# [Task item]
All lines after the one containing "Get Outta Dodge" are needed, along with that line itself. Please repeat them exactly through the end of the entries.

::: Supplied data :::

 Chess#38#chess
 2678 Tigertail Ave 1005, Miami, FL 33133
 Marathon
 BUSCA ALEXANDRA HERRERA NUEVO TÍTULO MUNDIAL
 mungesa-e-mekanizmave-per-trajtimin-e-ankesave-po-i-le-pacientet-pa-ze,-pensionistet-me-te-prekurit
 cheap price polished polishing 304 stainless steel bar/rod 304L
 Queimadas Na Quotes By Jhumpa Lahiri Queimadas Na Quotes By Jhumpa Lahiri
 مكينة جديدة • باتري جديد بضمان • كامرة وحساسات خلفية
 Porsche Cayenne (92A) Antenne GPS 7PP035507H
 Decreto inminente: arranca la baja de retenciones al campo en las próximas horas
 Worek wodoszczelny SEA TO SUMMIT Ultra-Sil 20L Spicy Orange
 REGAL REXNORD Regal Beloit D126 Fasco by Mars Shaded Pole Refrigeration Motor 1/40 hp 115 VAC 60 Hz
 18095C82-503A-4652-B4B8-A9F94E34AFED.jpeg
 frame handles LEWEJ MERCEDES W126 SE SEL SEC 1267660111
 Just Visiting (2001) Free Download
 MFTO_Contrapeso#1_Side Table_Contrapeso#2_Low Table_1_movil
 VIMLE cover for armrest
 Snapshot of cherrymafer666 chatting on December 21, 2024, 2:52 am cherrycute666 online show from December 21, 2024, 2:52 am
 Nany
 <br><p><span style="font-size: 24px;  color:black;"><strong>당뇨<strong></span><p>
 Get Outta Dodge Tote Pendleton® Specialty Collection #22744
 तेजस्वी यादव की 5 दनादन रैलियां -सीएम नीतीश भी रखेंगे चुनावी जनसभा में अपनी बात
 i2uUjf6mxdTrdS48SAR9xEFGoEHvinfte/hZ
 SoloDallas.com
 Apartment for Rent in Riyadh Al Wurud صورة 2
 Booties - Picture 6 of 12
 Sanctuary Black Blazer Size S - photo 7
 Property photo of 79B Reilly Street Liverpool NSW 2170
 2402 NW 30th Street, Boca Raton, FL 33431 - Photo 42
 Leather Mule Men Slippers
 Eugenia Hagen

:::

# [Your response]
 Get Outta Dodge Tote Pendleton® Specialty Collection #22744
 तेजस्वी यादव की 5 दनादन रैलियां -सीएम नीतीश भी रखेंगे चुनावी जनसभा में अपनी बात
 i2uUjf6mxdTrdS48SAR9xEFGoEHvinfte/hZ
 SoloDallas.com
 Apartment for Rent in Riyadh Al Wurud صورة 2
 Booties - Picture 6 of 12
 Sanctuary Black Blazer Size S - photo 7
 Property photo of 79B Reilly Street Liverpool NSW 2170
 2402 NW 30th Street, Boca Raton, FL 33431 - Photo 42
 Leather Mule Men Slippers
 Eugenia Hagen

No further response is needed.